MAPK (Mitogen-Activated Protein Kinase) is one of the most important components of intracellular signaling pathways. It is activated by various external stimuli, including growth factors, cytokines, stress, and pathogens, and regulates a wide range of cellular responses. The MAPK cascade consists of a three-tiered kinase module in which MAPKKK (MAPK kinase kinase) phosphorylates MAPKK (MAPK kinase), which in turn activates MAPK. Activated MAPK translocates into the nucleus and modulates transcription factors, thereby influencing processes such as cell proliferation, differentiation, stress response, and apoptosis. The MAPK pathways are mainly divided into three groups: ERK (extracellular signal-regulated kinase), JNK (c-Jun N-terminal kinase), and p38 kinases. ERK is primarily associated with cell growth and development, whereas JNK and p38 play crucial roles in inflammation and stress response.^26,27 From a clinical perspective, dysregulation of MAPK signaling is observed in cancer, inflammatory diseases, and neurodegenerative disorders. Therefore, MAPK pathways are considered promising therapeutic targets in drug development. In our docking study with MAPK, carnitine exhibited a binding energy of –4.4 kcal/mol, with an estimated inhibition constant (Ki) of approximately 630 μM, indicating weak inhibitory potential. The interaction was stabilized through several types of bonds: a conventional hydrogen bond with ALA A:157, a carbon hydrogen bond with LEU A:108, and a salt bridge with LYS A:165. In contrast, an unfavorable negative–negative interaction was observed with GLU A:163, which reduced the overall stability of the complex (Figure 4).

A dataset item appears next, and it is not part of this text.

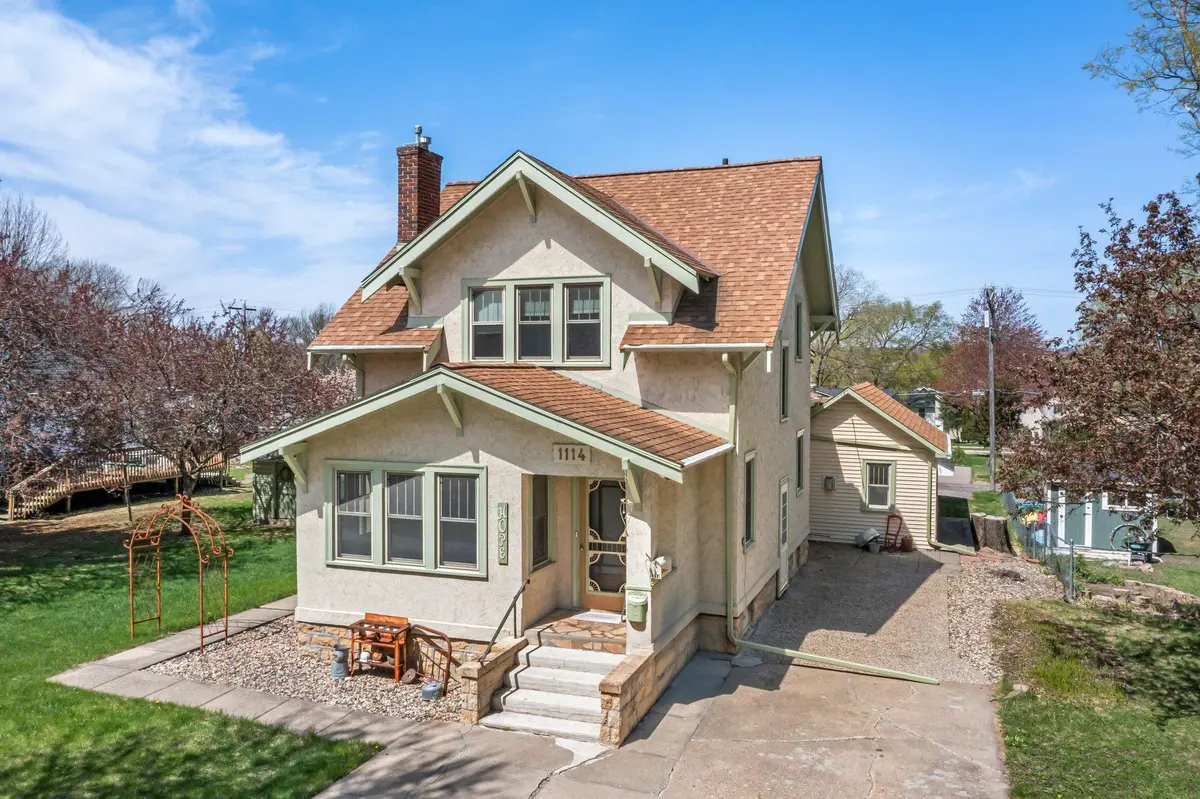 1114 N 6th ST, Mankato, MN 56001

The reason for these specific interactions can be attributed to the physicochemical properties of the residues involved. ALA A:157, being a small nonpolar residue, easily forms hydrogen bonds with polar groups of carnitine, providing localized stabilization. LEU A:108, with its hydrophobic side chain, contributes to weaker but supportive carbon–hydrogen bonding. LYS A:165, a positively charged residue, readily interacts with the negatively charged carboxyl group of carnitine, forming a salt bridge that reinforces electrostatic attraction. Conversely, GLU A:163 is negatively charged, and when positioned near the acidic groups of carnitine, it creates electrostatic repulsion, which explains the unfavorable interaction observed. Taken together, these results highlight that the binding of carnitine to MAPK is determined by a balance of stabilizing hydrogen bonds and electrostatic interactions, counteracted by unfavorable charge repulsion. This explains why the overall binding affinity remains relatively weak despite multiple contacts within the binding pocket.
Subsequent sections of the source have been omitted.